Why do I need to type cast when initializing a user-defined structure using pointer?

Question

I have this structure definition:

typedef struct node_bst
{
  int data;
  struct node_bst *lchild;
  struct node_bst *rchild;
  struct node_bst *parent;
} node_bst;

I tried to create a pointer to the structure using this:

node_bst *root;

and allocated memory to it like this:

root= malloc(sizeof(node_bst));

Now, in order to initialize the data items in it I was tried this statement (taking a cue from the usual initialization of structure variables):

*root= {0, NULL, NULL, NULL};

But the compiler threw off an error

error: expected expression before ‘{’ token

I looked it up and found that I need to typecast it like this:

*root= (node_bst) {0, NULL, NULL, NULL};

Now it works fine but my question is, why do i need to do this?

I expected that the compiler would already know that root is a pointer to node_bst type structure variable. So why the need to typecast the rvalue?

Another strange thing:

int *a= malloc(sizeof(int));
*a= 4;

This works just fine.

Answer 1

There is no casting.

In this statement

*root = (node_bst) {0, NULL, NULL, NULL};

there is used the so-called compound literal (node_bst) {0, NULL, NULL, NULL} that corresponds to an object of the type node_bst and this object is assigned to the object *root.

From the C Standard (6.5.2.5 Compound literals)

3 A postfix expression that consists of a parenthesized type name followed by a brace-enclosed list of initializers is a compound literal. It provides an unnamed object whose value is given by the initializer list.

Another approach is just to assign each data member of the dynamically allocated object. For example

root->data   = 0;
root->lchil  = NULL;
root->rchil  = NULL;
root->parent = NULL;

As for this statement

*root= {0, NULL, NULL, NULL};

then it is invalid from the C point of view. You may use the braced initialization only in a declaration.

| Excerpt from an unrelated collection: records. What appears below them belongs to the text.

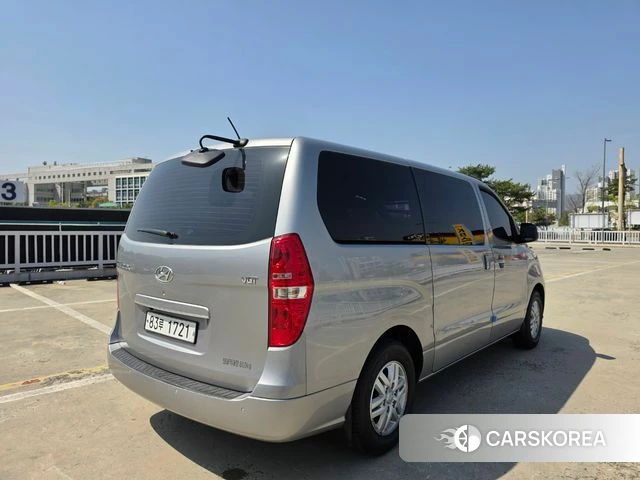Hyundai The New Grand Starex id 3924697 из Кореи 18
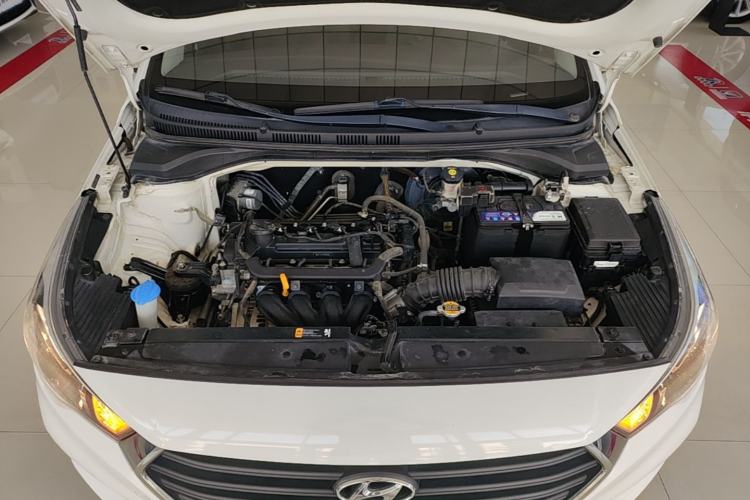 Used Hyundai Verna (new generation) 2016 1.4L Automatic Cool Edition GLS Engine Bay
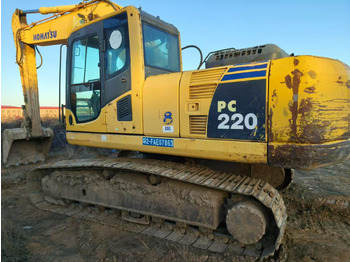 Гусеничний екскаватор KOMATSU PC220-8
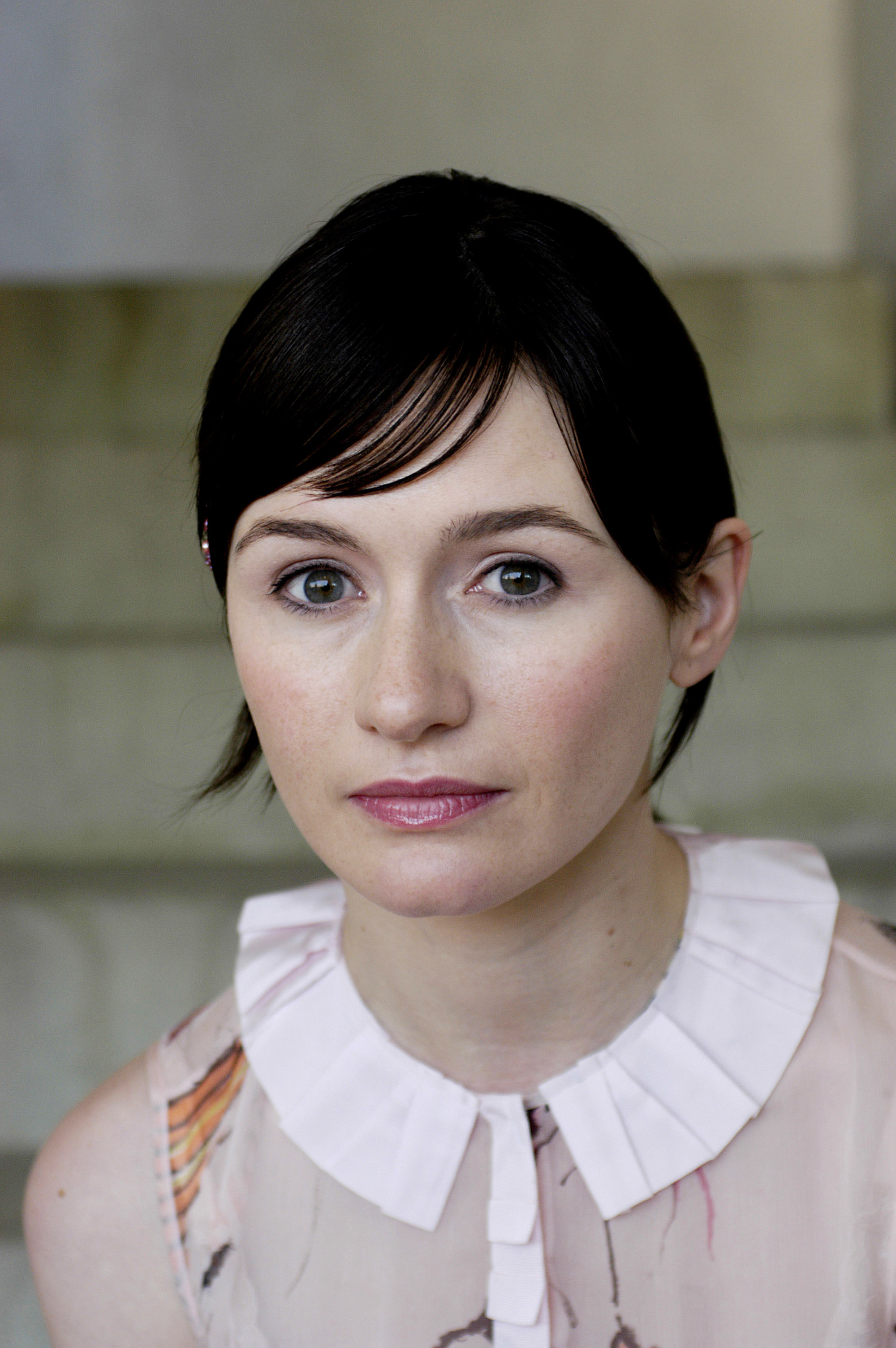  p>艾米莉·莫迪默(emily mortimer),1971年12月1日出生于英国伦敦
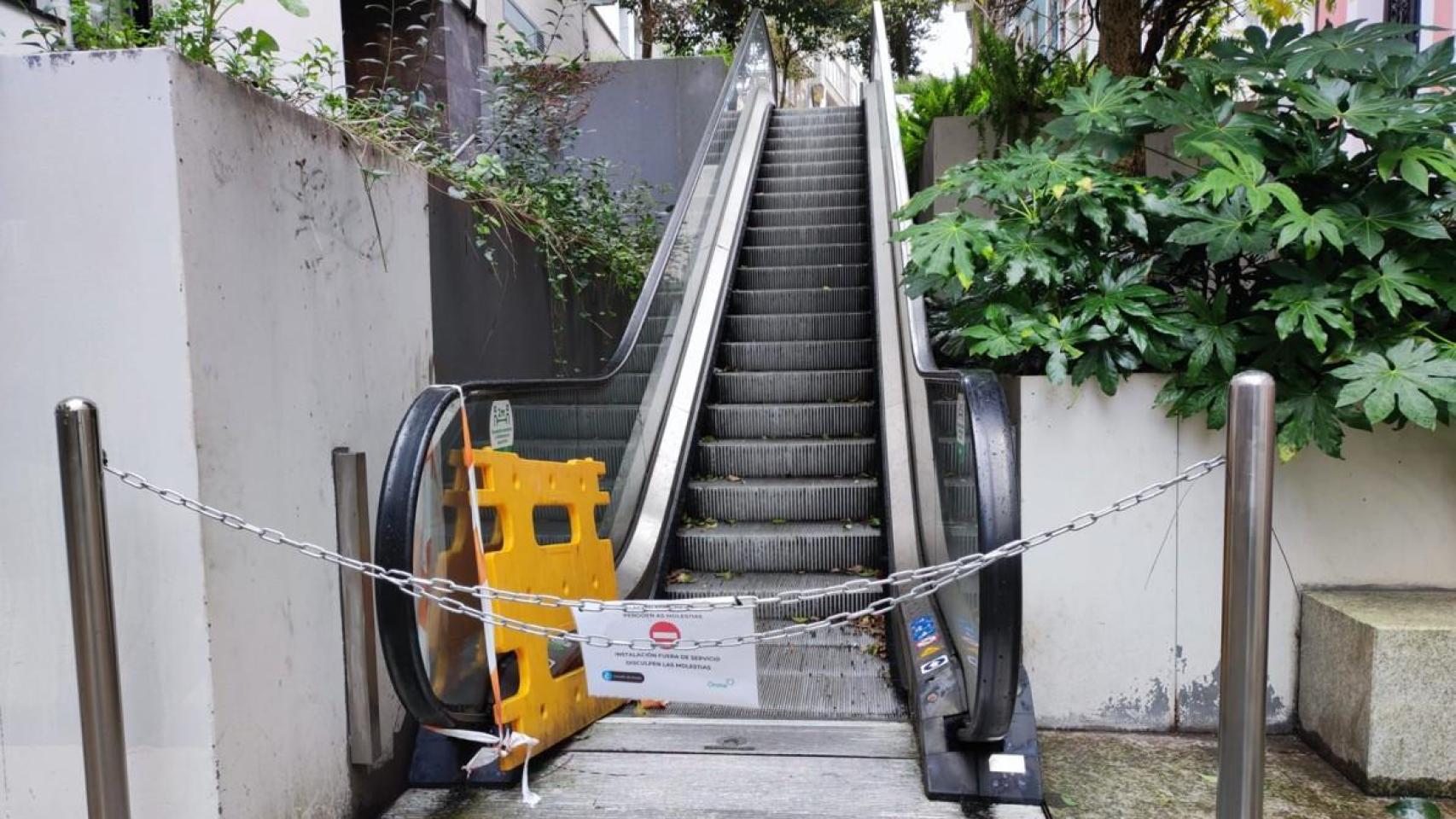 Paso cortado en uno de los tramos averiados de las escaleras mecánicas de Maestro Clavé.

The statement would be valid if you compile the program as a C++ program.

Answer 2

The syntax in use here is not a typecast but a compound literal. These are defined in section 6.5.2.5 of the C standard:

3 A postfix expression that consists of a parenthesized type name followed by a brace-enclosed list of initializers is a compound literal. It provides an unnamed object whose value is given by the initializer list.

A compound literal is necessary when assigning to a struct as a whole.

You don't need this syntax in this case:

int *a= malloc(sizeof(int));
*a= 4;

Since *a has type int and 4 is a simple integer constant that can be assigned directly to *a.

Note also that the fact that a pointer is involved is irrelevant. You would need to do the same in this case:

node_bst root;
root= (node_bst){0, NULL, NULL, NULL};

This is different from:

node_bst root = {0, NULL, NULL, NULL};

The former case is an assignment, while the latter is an initialization. An initialization can only be done at the time a variable is defined (even outside of a function), while an assignment can be done at any time.

The syntax for initialization (see section 6.7.9 of the standard) allows for just the brace-enclosed list of values, while a compound literal is needed for an assignment.

Also, as mentioned in the comments, you can still use a compound literal in an initialization, and a compound literal has a lifetime of the current scope whose address you can take.

Here's an interesting example of this:

char *str = (char[]){ "My string" };
str[3] = 'S';

Here, the compound literal is being modified, which is allowed. But if you do this:

char *str = "My string";
str[3] = 'S';

You'll instead be attempting to modify a string literal and will most likely get a segmentation fault.